Nationalists in the boardrooms

David Thomas December 7 1981

Nationalists in the boardrooms

David Thomas December 7 1981

Nationalists in the boardrooms


David Thomas

Calgary’s Seventh Avenue has acquired a tidy, almost quaint continental ambience. Refurbished facades and the banning of car traffic have helped. But the sophistication is owed primarily to the city’s silent new light rail vehicles (LRVs) built in Düsseldorf, West Germany. The LRVs were an immediate success at their introduction last May, and early this month Calgary’s city council voted to buy another 35 from the German consortium Siemens-Duwag. The decision enraged Canada’s mass transit industry. At least three domestic manufacturers, including Bombardier Inc. of LRC train and snowmobile fame, are capable of producing Calgary’s cars. Yet the city froze them out of the deal.

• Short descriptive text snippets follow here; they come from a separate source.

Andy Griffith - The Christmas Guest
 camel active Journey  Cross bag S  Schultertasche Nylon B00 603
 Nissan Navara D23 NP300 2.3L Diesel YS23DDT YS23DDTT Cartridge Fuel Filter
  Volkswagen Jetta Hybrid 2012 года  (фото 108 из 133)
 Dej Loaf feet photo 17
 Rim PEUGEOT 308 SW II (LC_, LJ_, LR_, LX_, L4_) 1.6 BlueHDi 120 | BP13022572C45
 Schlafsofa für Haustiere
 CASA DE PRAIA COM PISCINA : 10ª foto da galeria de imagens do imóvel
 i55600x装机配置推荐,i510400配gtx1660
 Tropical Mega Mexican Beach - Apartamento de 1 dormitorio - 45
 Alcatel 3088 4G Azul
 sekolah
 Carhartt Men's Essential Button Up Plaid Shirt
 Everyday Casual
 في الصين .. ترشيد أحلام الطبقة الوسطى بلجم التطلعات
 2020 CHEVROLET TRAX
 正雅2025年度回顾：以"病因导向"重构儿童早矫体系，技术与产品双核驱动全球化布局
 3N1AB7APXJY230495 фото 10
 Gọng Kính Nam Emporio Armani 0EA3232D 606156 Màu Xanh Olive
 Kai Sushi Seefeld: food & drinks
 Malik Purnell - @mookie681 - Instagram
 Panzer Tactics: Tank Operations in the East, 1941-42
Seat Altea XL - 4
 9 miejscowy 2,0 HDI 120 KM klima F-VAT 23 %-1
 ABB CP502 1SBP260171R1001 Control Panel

Grieves Bombardier Marketing Director Carl Mawby: “It seems somewhat unfair that we can win handsomely in the U.S. but not be given an opportunity to bid in our own country.”

Such discrimination against domestic industry was once commonplace. Now it is rare enough to serve as tinderdry fuel for the fires of Canada’s new economic nationalism. A decade ago, political and academic voices echoed emptily in the wilderness of Canadian nationalism. Today, the most clamorous Canadianism comes from businessmen. And profit—as much as patriotism—is their motive. Most auspiciously for their causes the new boardroom nationalists are not the intellectual insurgents of yore: pipe-sucking professors, earnest authors and populist politicians whose ardor was cooled by a climate of public apathy.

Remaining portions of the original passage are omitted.